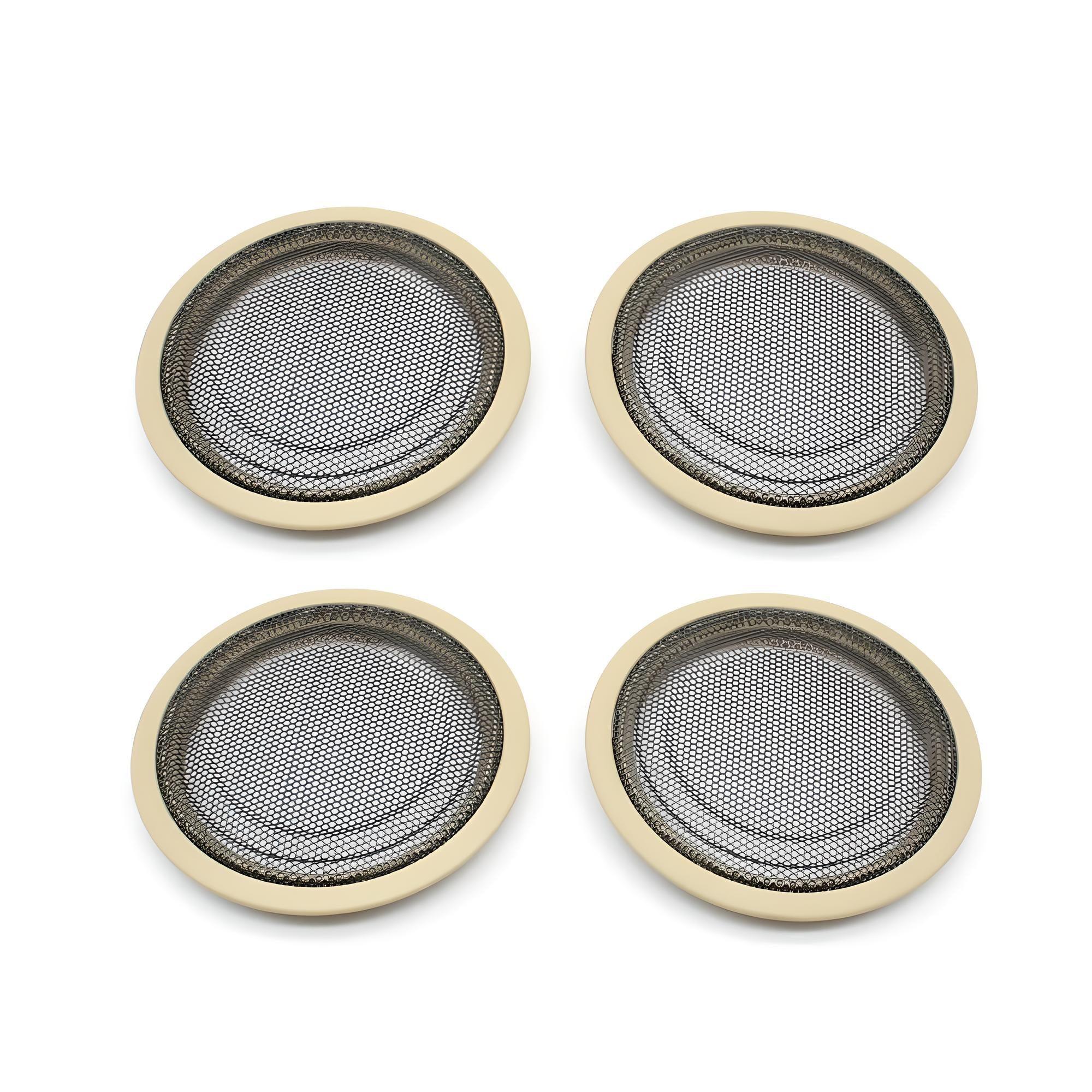 Speaker Grille Covers – Beige – Compatible with BMW Series 3 E46 – Interior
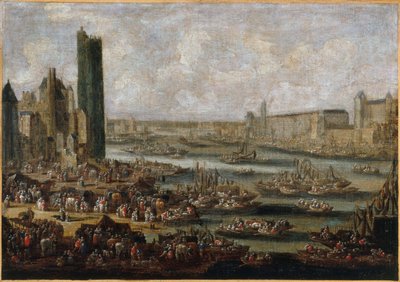 Tour de Nesle ja Louvre, noin 1650, noin 1650 (öljy kankaalle) tekijältä Pieter Casteels
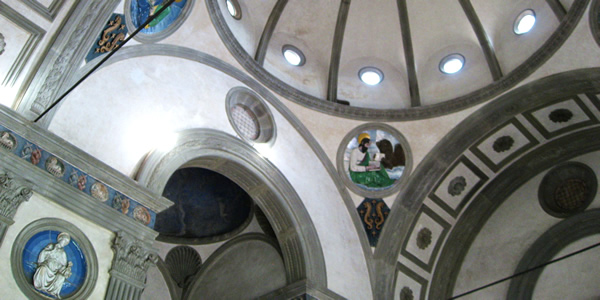 Brunelleschi's Pazzi Chapel at Santa Croce, Florence
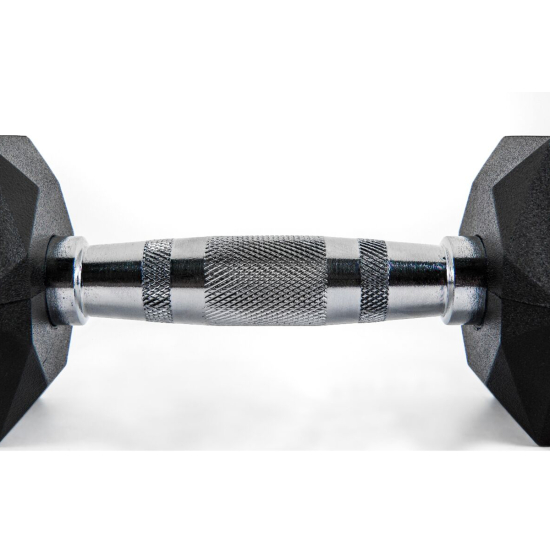 Комплект обрезиненных октагональных гантелей 5 пар от 10 до 20кг UFC Octagon Dumbbell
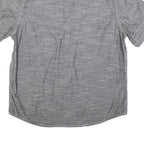 WOOLRICH Mens Grey Casual Shirt L Button Front Short Sleeve Lightweight Cotton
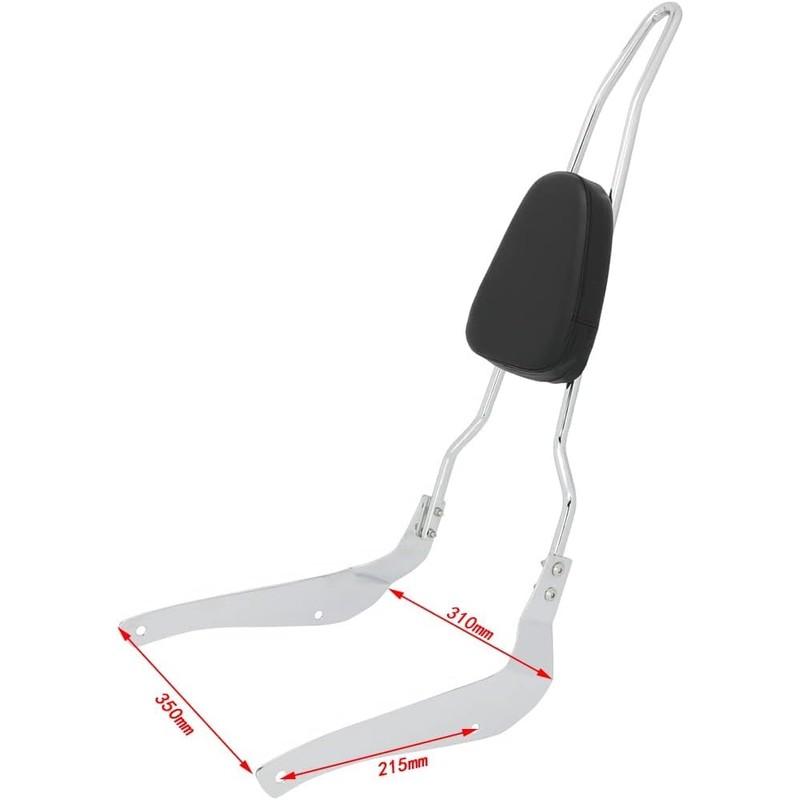 Motorcycle Rear Seat Backrest Sissy Bar Back Rest Compatible For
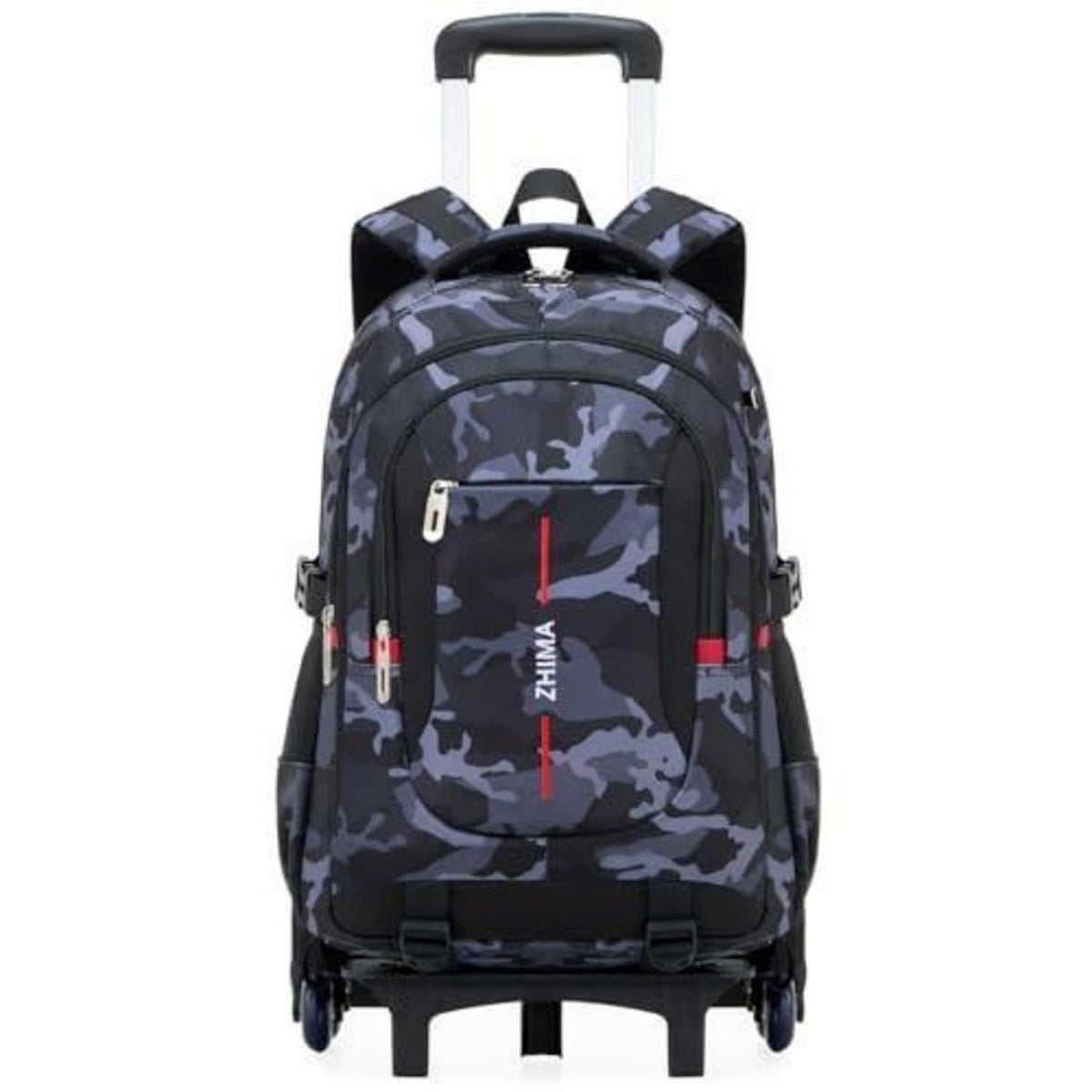 Schultrolley Rucksack Jungen Abnehmbar 6 Räder Tarnmuster 15,6"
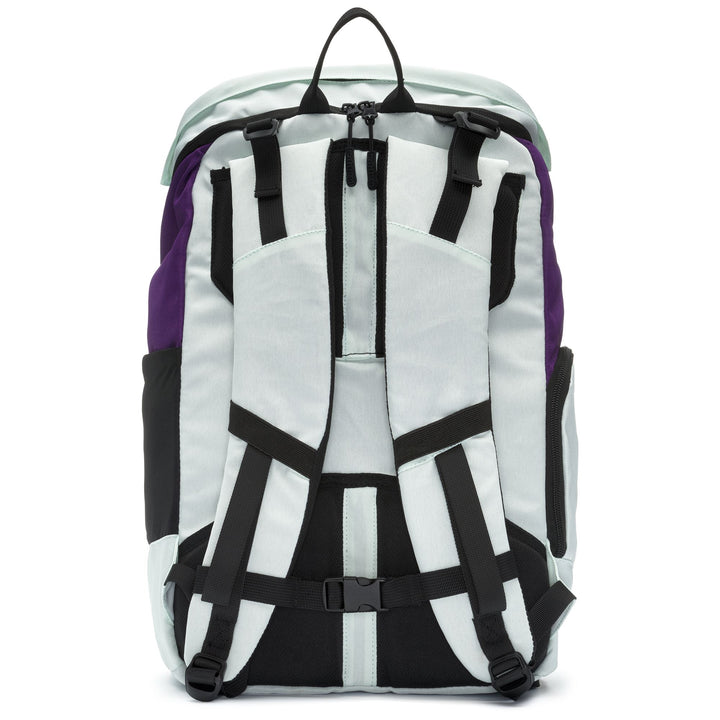 Bags Unisex ARETI FIORENTINA Backpack GREEN WATER-VIOLET INDIGO Dressed Side (jpg Rgb)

Task to complete
Would you restate word for word each line from the one that holds "Brunelleschi's Pazzi Chapel" to the end of the material, both ends included, without the pictures?

Answer to the exercise
 Brunelleschi's Pazzi Chapel at Santa Croce, Florence
 Комплект обрезиненных октагональных гантелей 5 пар от 10 до 20кг UFC Octagon Dumbbell
 WOOLRICH Mens Grey Casual Shirt L Button Front Short Sleeve Lightweight Cotton
 Motorcycle Rear Seat Backrest Sissy Bar Back Rest Compatible For
 Schultrolley Rucksack Jungen Abnehmbar 6 Räder Tarnmuster 15,6"
 Bags Unisex ARETI FIORENTINA Backpack GREEN WATER-VIOLET INDIGO Dressed Side (jpg Rgb)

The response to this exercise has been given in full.